# Task details
The expected result is an exact restatement of the data, free of pictures.

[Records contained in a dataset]
>>>>>

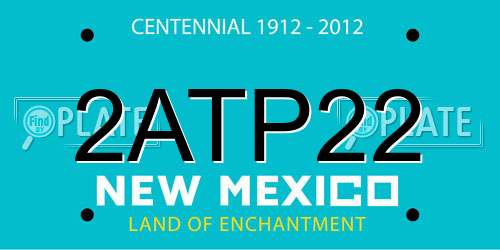 2ATP22 New Mexico License Plate
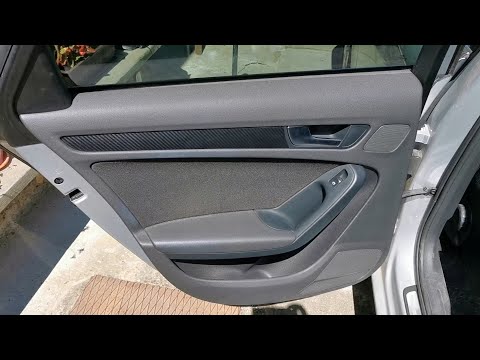 Видео: Audi A4 B8 — руководство по снятию панели задней двери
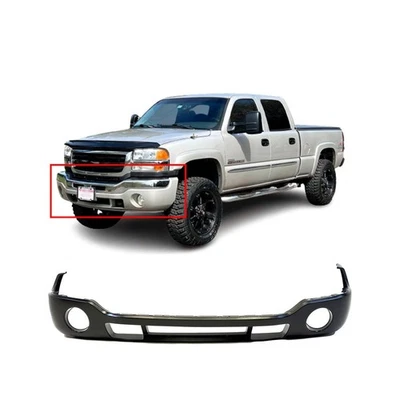 Bumper Cover For 2003-2007 GMC Sierra 1500 W/fog Front Primed - Image 1 of 4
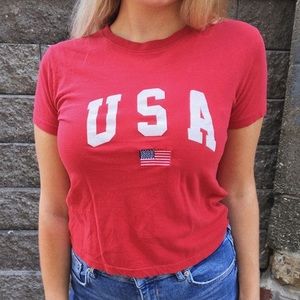 Brandy Melville “USA” top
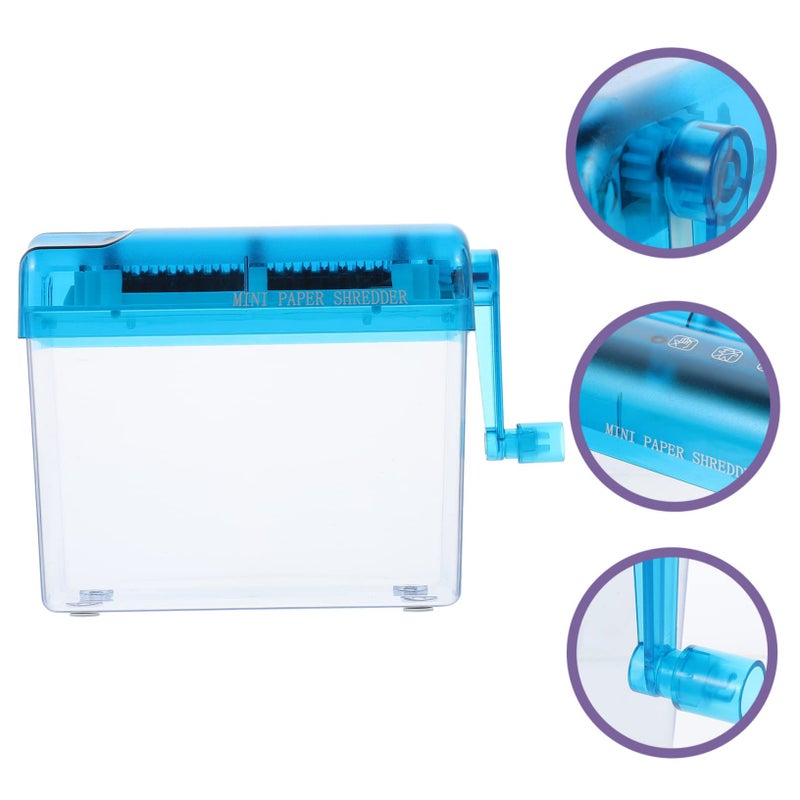 Grey Manual A6 Mini Paper Shredder Portable Handheld for Home Office School Use - Image 5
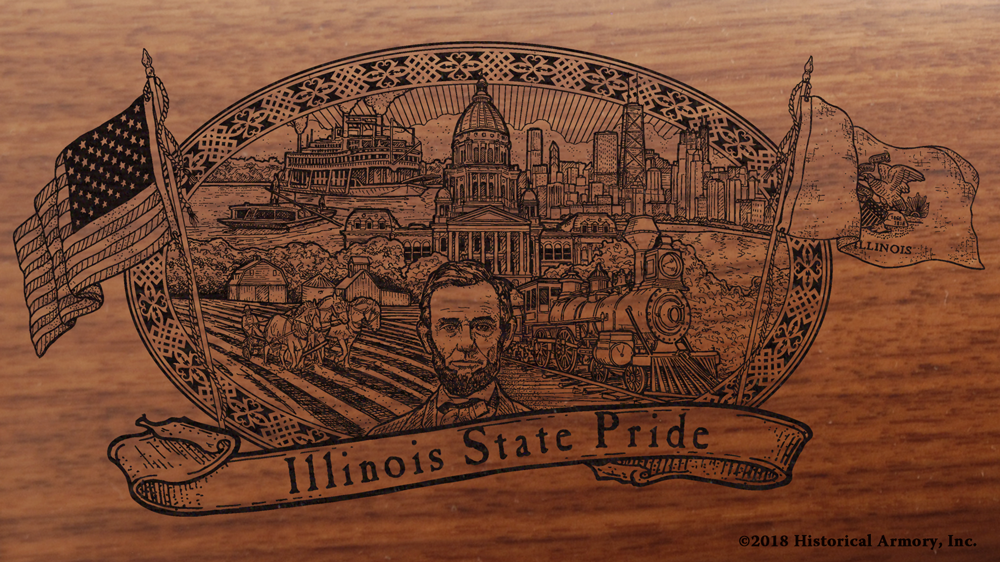 Illinois State Pride Engraved Rifle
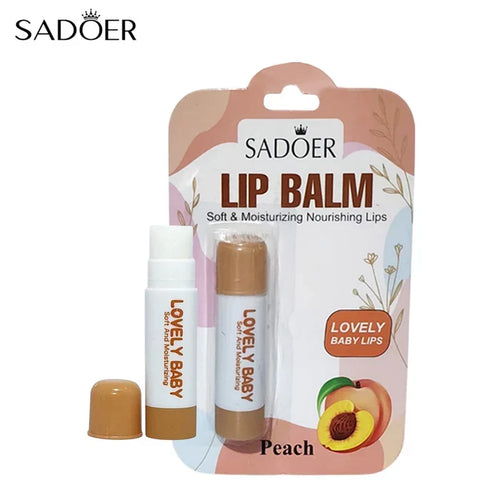 Sadoer - Lovely Lip Balm - Peach
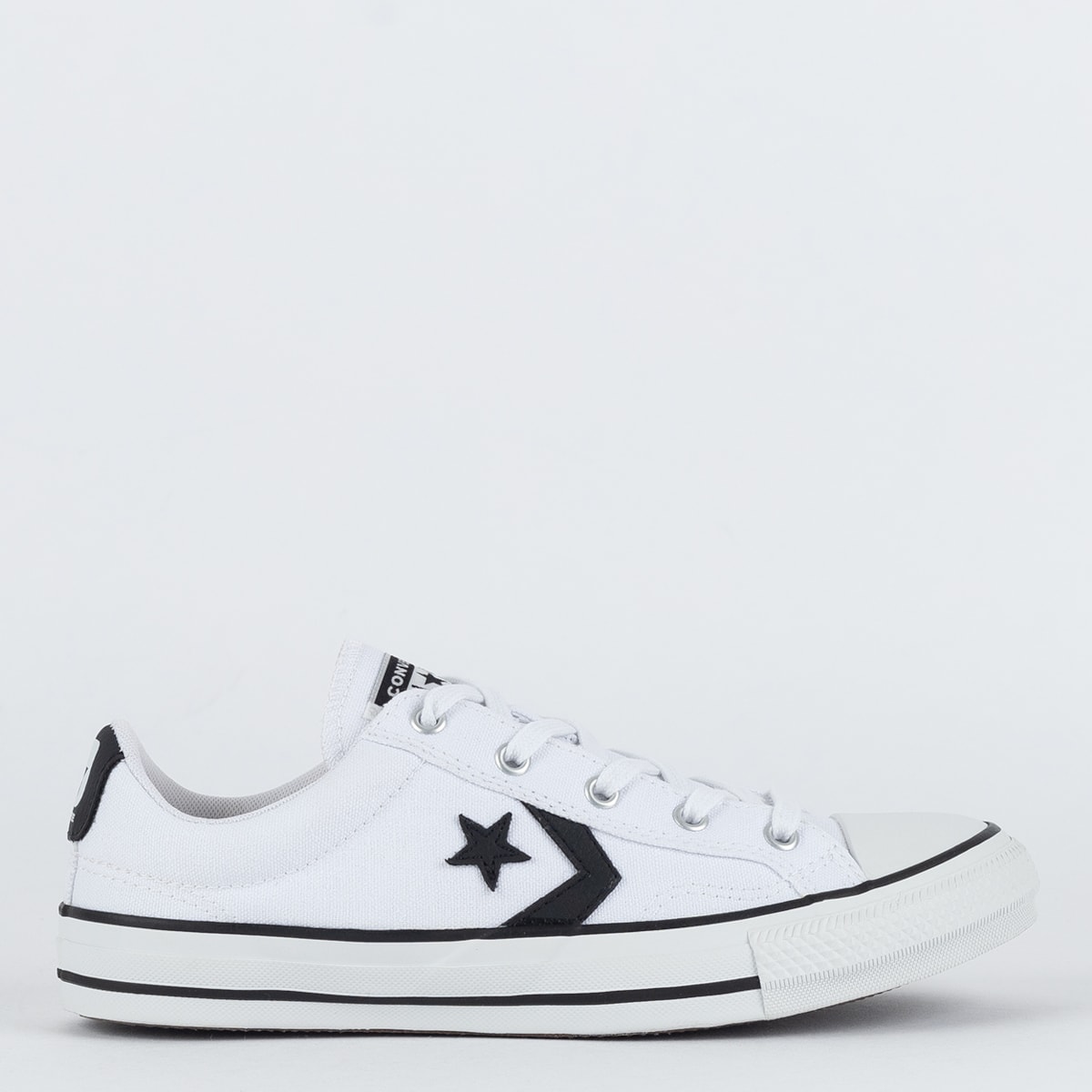 Tênis Converse Star Player Ox Essential Branco Preto CO05050002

<<<<<

# Answer to this exercise
 2ATP22 New Mexico License Plate
 Видео: Audi A4 B8 — руководство по снятию панели задней двери
 Bumper Cover For 2003-2007 GMC Sierra 1500 W/fog Front Primed - Image 1 of 4
 Brandy Melville “USA” top
 Grey Manual A6 Mini Paper Shredder Portable Handheld for Home Office School Use - Image 5
 Illinois State Pride Engraved Rifle
 Sadoer - Lovely Lip Balm - Peach
 Tênis Converse Star Player Ox Essential Branco Preto CO05050002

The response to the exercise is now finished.